■ **EXERCISE GOAL**: A faithful copy of all the records is needed, with the pictures omitted.

DATA FOR ANALYSIS: Begin

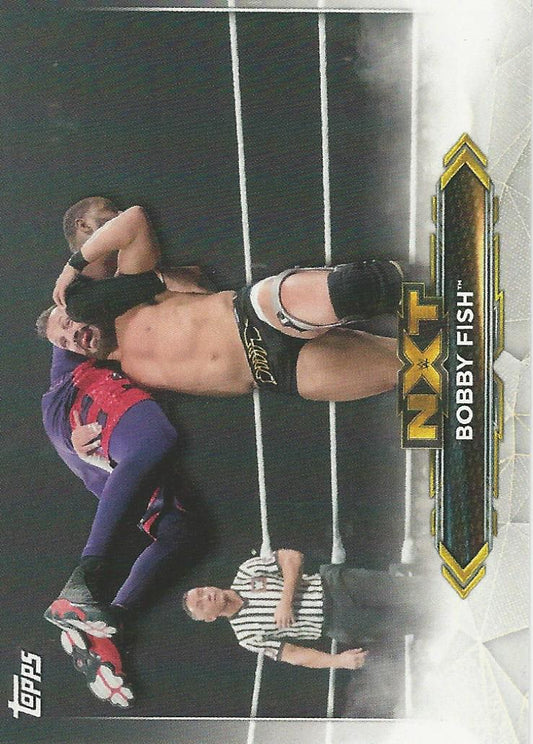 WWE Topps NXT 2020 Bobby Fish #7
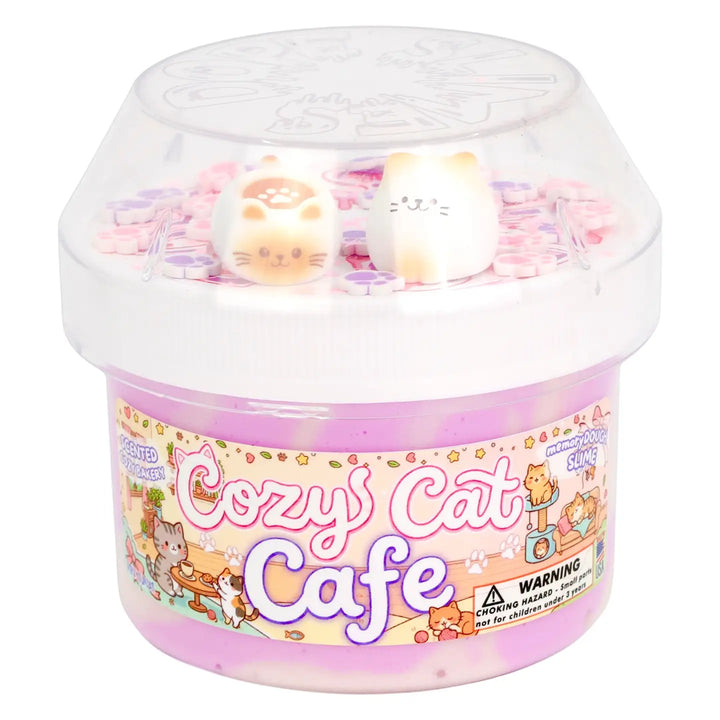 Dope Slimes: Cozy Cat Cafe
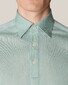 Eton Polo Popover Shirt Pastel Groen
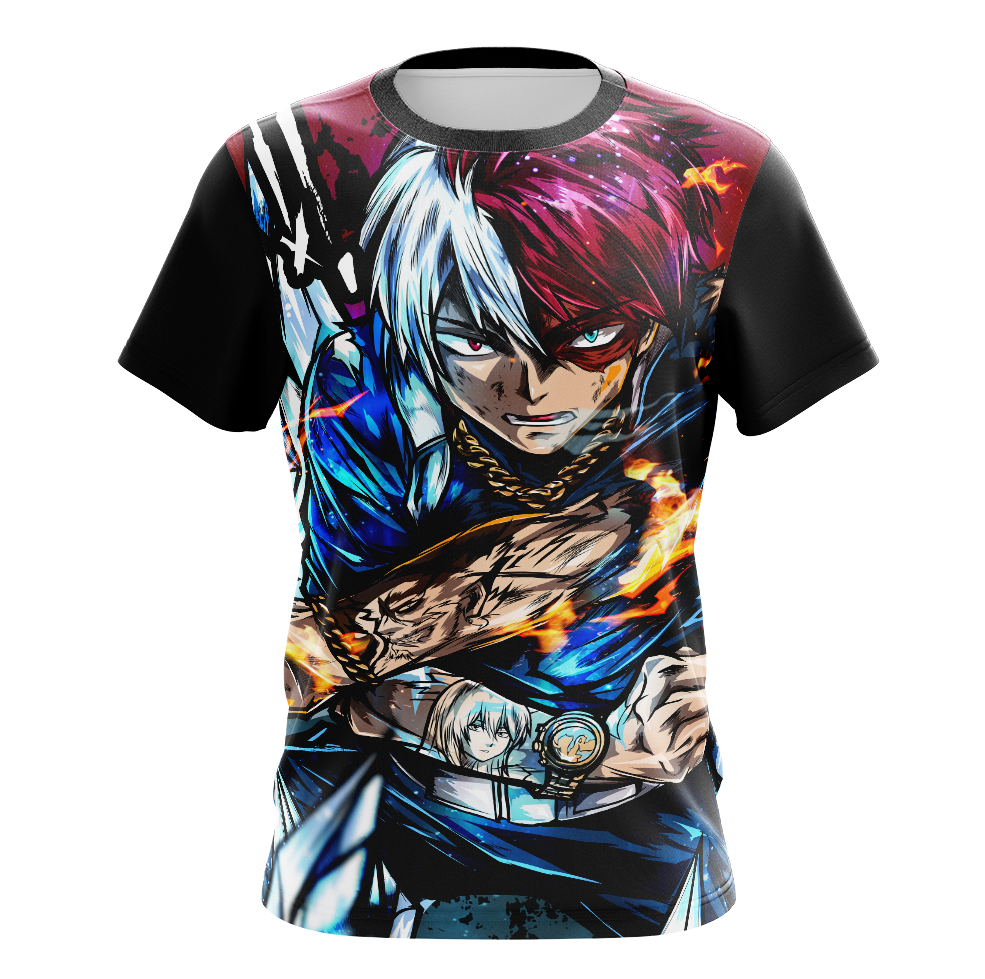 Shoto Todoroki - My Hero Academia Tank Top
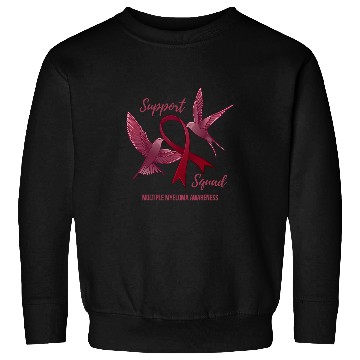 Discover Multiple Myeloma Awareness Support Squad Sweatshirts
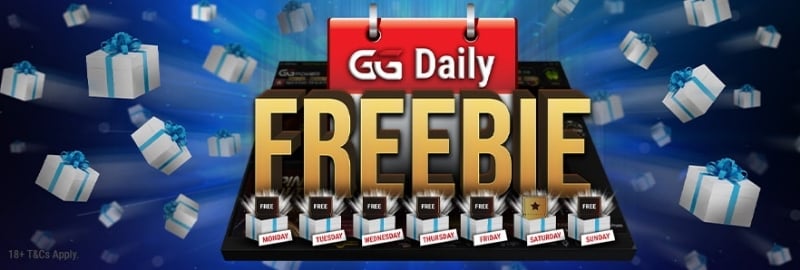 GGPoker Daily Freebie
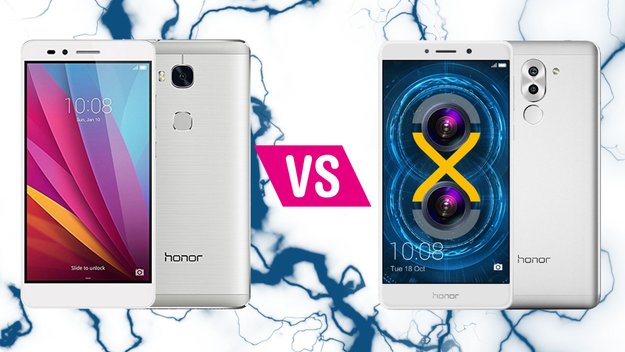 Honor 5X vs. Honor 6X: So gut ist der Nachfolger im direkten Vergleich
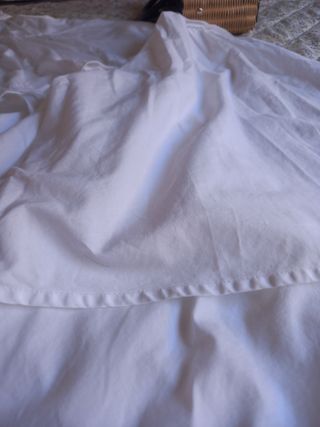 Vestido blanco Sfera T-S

DATA FOR ANALYSIS: End

■ **EXPECTED OUTPUT**:
 WWE Topps NXT 2020 Bobby Fish #7
 Dope Slimes: Cozy Cat Cafe
 Eton Polo Popover Shirt Pastel Groen
 Shoto Todoroki - My Hero Academia Tank Top
 Discover Multiple Myeloma Awareness Support Squad Sweatshirts
 GGPoker Daily Freebie
 Honor 5X vs. Honor 6X: So gut ist der Nachfolger im direkten Vergleich
 Vestido blanco Sfera T-S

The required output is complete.